Juha Kontinen, "Logical characterization of the counting hierarchy"
Abstract: The counting hierarchy CH is the analogue of the polynomial
hierarchy PH, the building block being probabilistic polynomial time PP
instead of NP. We show that the extension of first-order logic by
second-order majority quantifiers of all arities describes exactly the
problems in the counting hierarchy.
This result is based on definability results which show that using
the k-ary majority quantifier and first-order logic, the relativized k-ary
majority quantifier (for k>1) and the k-ary second-order existential
quantifier are uniformly expressible.
We also consider extending the characterization to general proportional
quantifiers Q_r saying "more than an r-fraction of relations". We show that
the result can be generalized if r is of the form s/2^m, where s,m are
positive integers, but for any other 0 < r < 1 the corresponding logic satisfies
the 0-1 law.
Brian Semmes, "Jayne-Rogers Notes"
Abstract: We review the Eraser and Backtrack Games
and use them to give a proof of the Jayne-Rogers theorem on the
Baire Space.
Łukasz Wojtyniak, "Equivalence of Restricted Henkin Quantifiers"

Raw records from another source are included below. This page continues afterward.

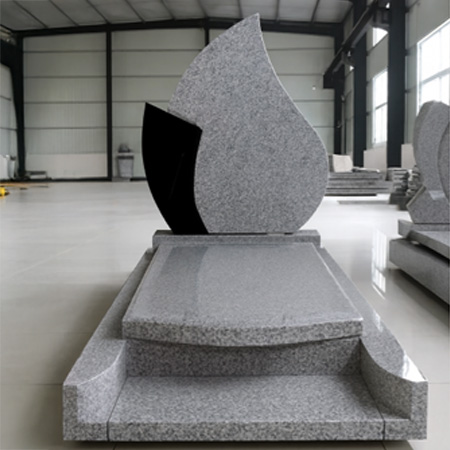 "Teardrop-shaped upright headstone in speckled light gray granite with partial black accent and full-length ledger."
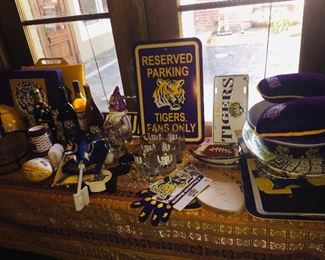 we have two tables filled with LSU shirts, hats, dishware, chairs, etch--all new
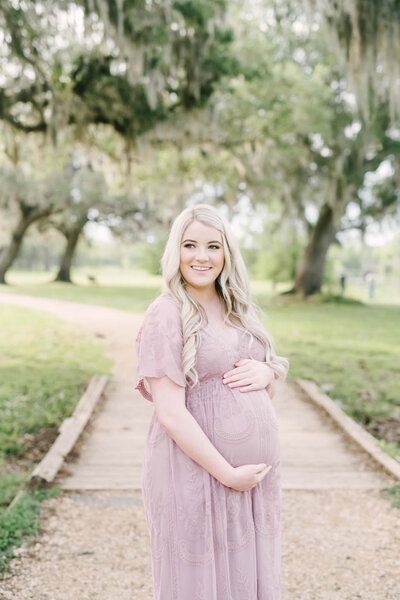 Blonde woman in pink gown smiles and poses for maternity portrait
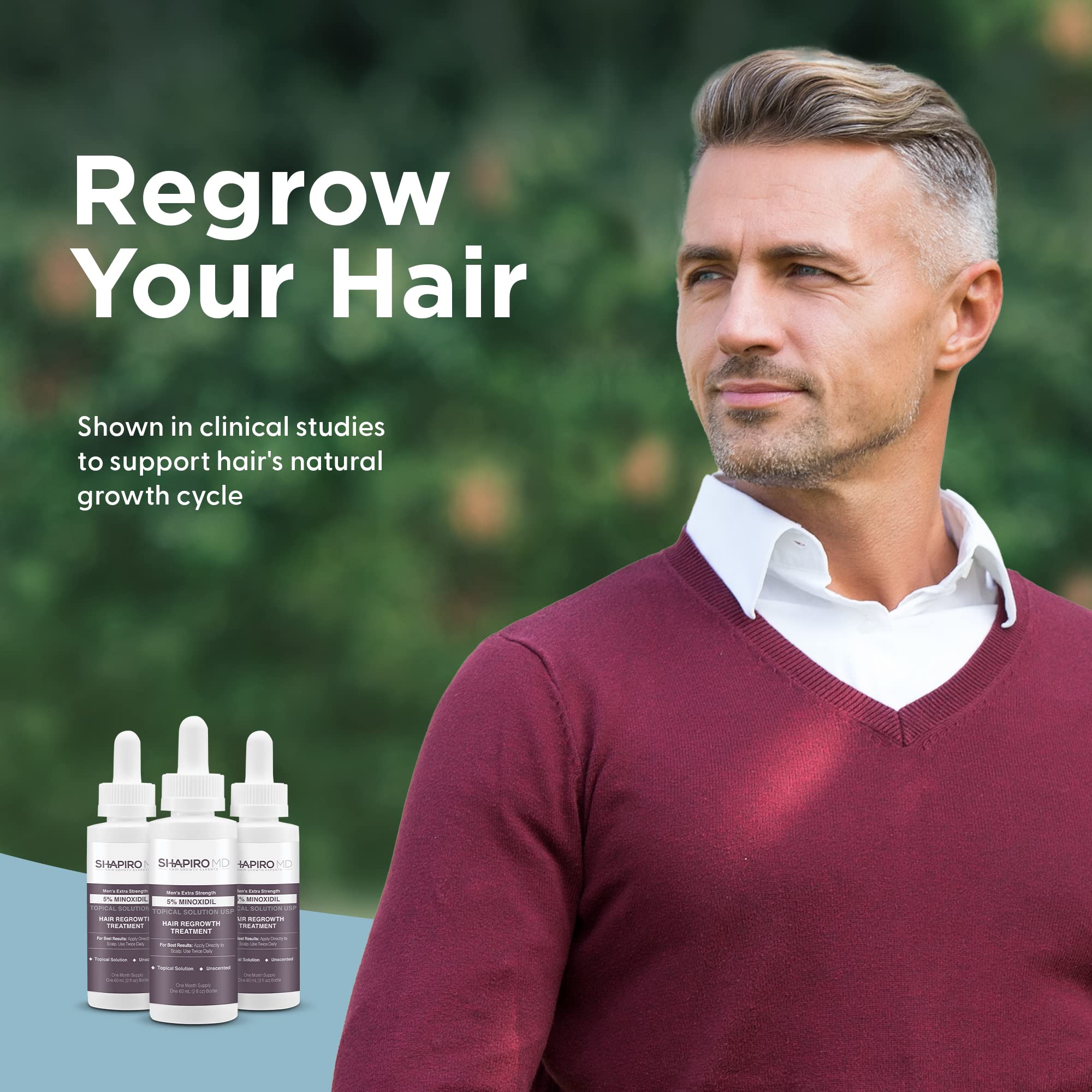 Close-up of the dropper ready to apply Minoxidil to the scalp.
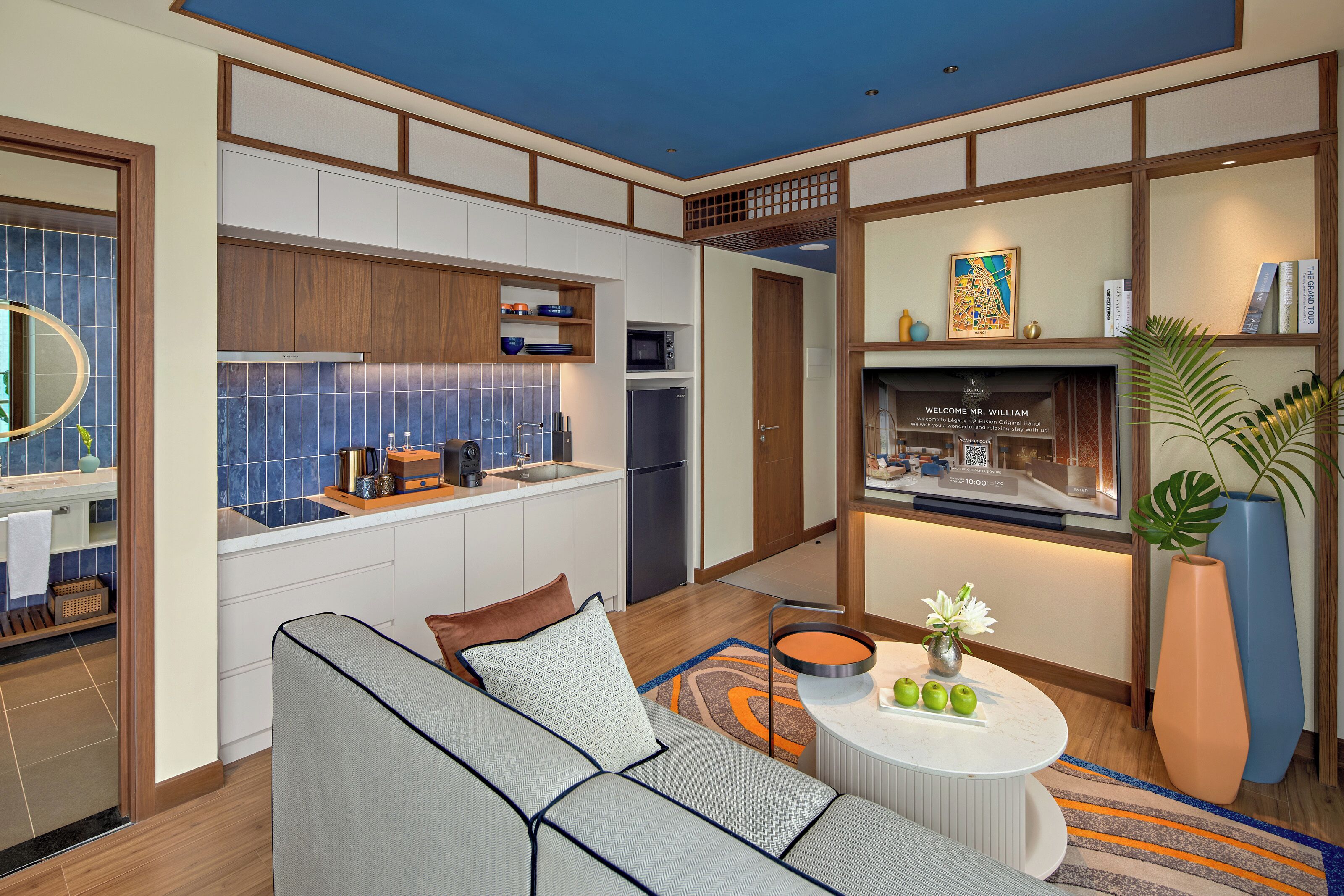 Una cocina moderna con microondas, horno y lavamanos, un área de estar con sofá y mesa de centro, y una estantería con libros y objetos decorativos.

Abstract: Blass and Gurevich consider Henkin quantifiers to obtain results concerning computational complexity problems. For this purpose, they define restricted Henkin quantifiers with Boolean existential variables. Sandu considers Henkin quantifiers in terms of their expressive power. For this purpose, he defines Henkin quantifiers with partially ordered connectives. It is so-called “logical folklore” that these restricted Henkin quantifiers are equivalent. I show a proof of this fact.